We had this discussion some time ago I am strongly in favour of returning an Iterable (or IterableIterator) instead of an Iterator. There also (closed) issues for this related to Spargel:
https://github.com/stratosphere/stratosphere/issues/425
https://github.com/stratosphere/stratosphere/pull/433
A reason against Iterable is that users could request multiple iterators via `iterator()`, which wouldn't work with our runtime. But we could make sure that it's only allowed to call this method a single time and throw an Exception if it's called more often.
The new API would have been the perfect time to introduce Iterable. :-( We hesitated before, because we didn't want people to have to change their programs. Still, I think we should go for it as it makes the UDFs less verbose, which is a good thing and people can still use the iterator if they need to via `iterator()`. Then again it might be just a matter of taste. ;-)
> 3) Yes.
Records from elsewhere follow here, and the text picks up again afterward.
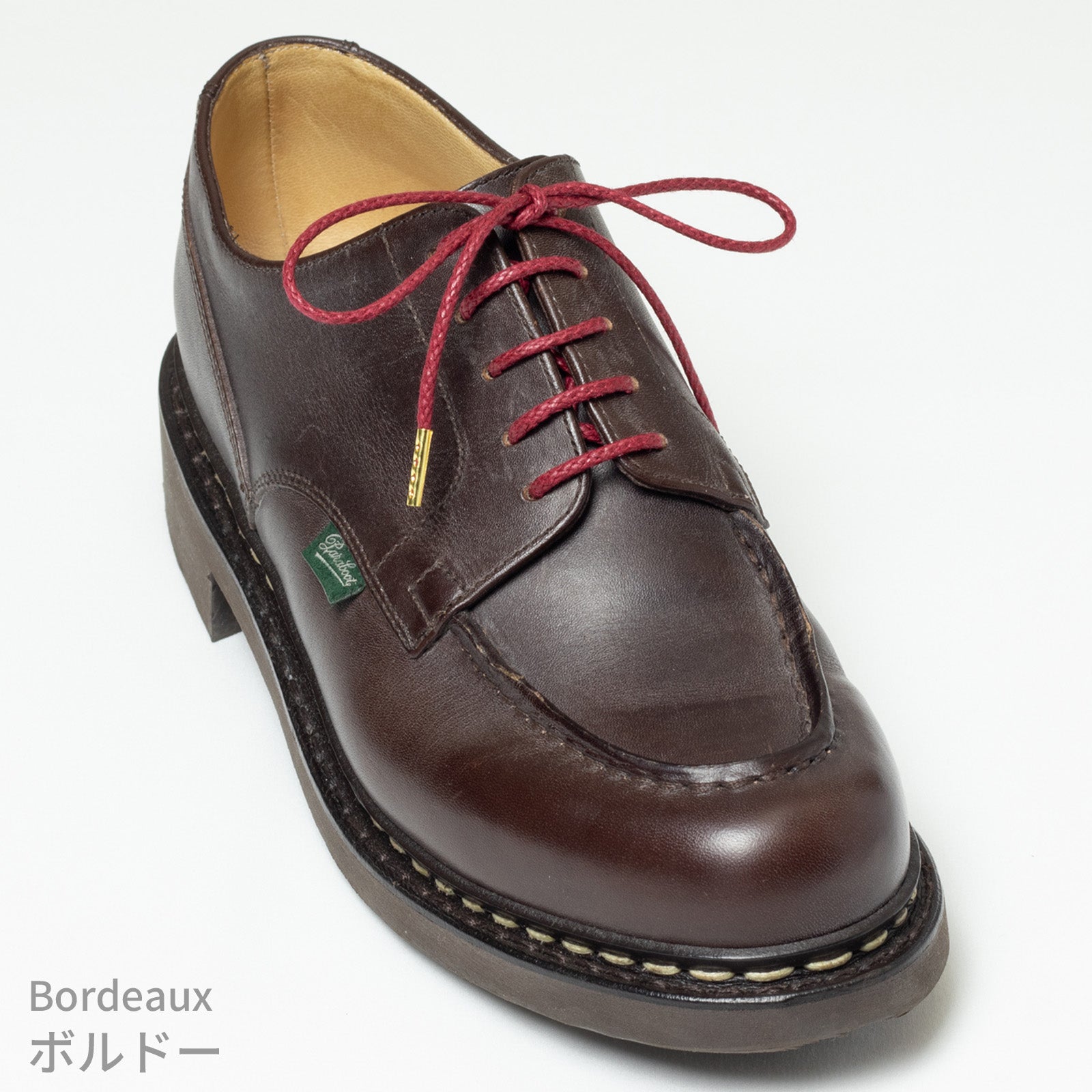 蝋引き靴紐　丸紐石目柄2.5mm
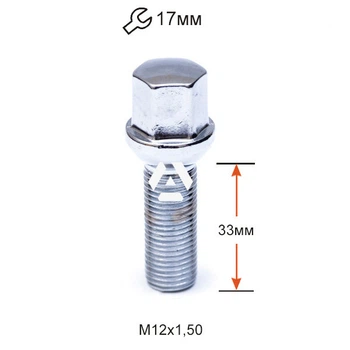 Болт колесный A185130 Cr M12х1,5х33мм Сфера (Удлиненный) Хром Ключ 17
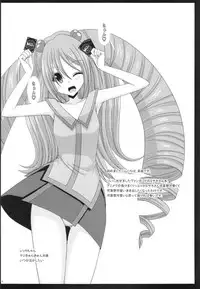 (SC57) [valssu (Charu)] Unbreakable Limit (Cardfight!! Vanguard)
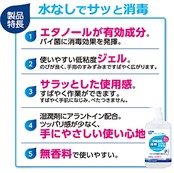 【業務用 大容量】 手指消毒速乾ジェル 500mL (指定医薬部外品) ライオンハイジーン 手指消毒剤 手指消毒アルコール 手指消毒ジェル 手指消毒スプレー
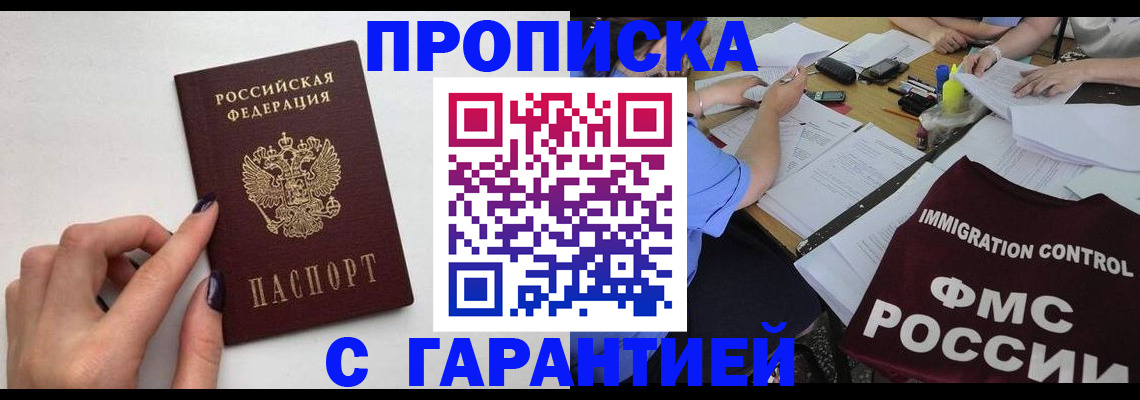 временная регистрация в квартире в Гулькевичах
In order to maintain a list of all incoming objects inside a UDF, you have to copy them because we are re-using the objects internally.
There is also a plan to provide the option to turn re-using objects off (which will impact performance). I can't find the issue, but someone else ran into a similar problem a short while ago. Is there a separate issue to allow this?
> 4) Well, thats a good question. I personally ignore the warnings ;)
> We can not really do anything about it, since we want to have Serializable classes and you can not inherit the serial version id. So its basically a limitation of the programming language / runtime we are using. If you are not going to "maintain" the serialVersionUID (change it with each change) its actually pointless to have it at all.
I see the technical reasons for it (
http://stackoverflow.com/questions/285793/what-is-a-serialversionuid-and-why-should-i-use-it), but also find it "inconvenient" (for the lack of a better word) to either suppress the warning or provide a serialVerisonUID. As a user, I don't want to think about serialization.